## Your objective
Make an exact copy of every record that follows.
^^^^
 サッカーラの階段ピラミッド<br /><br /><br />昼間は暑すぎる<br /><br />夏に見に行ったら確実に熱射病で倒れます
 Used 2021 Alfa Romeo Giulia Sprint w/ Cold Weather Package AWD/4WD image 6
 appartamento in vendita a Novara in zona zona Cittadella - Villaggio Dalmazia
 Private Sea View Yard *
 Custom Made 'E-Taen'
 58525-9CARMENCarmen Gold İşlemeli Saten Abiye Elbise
^^^^
## Response area
 サッカーラの階段ピラミッド<br /><br /><br />昼間は暑すぎる<br /><br />夏に見に行ったら確実に熱射病で倒れます
 Used 2021 Alfa Romeo Giulia Sprint w/ Cold Weather Package AWD/4WD image 6
 appartamento in vendita a Novara in zona zona Cittadella - Villaggio Dalmazia
 Private Sea View Yard *
 Custom Made 'E-Taen'
 58525-9CARMENCarmen Gold İşlemeli Saten Abiye Elbise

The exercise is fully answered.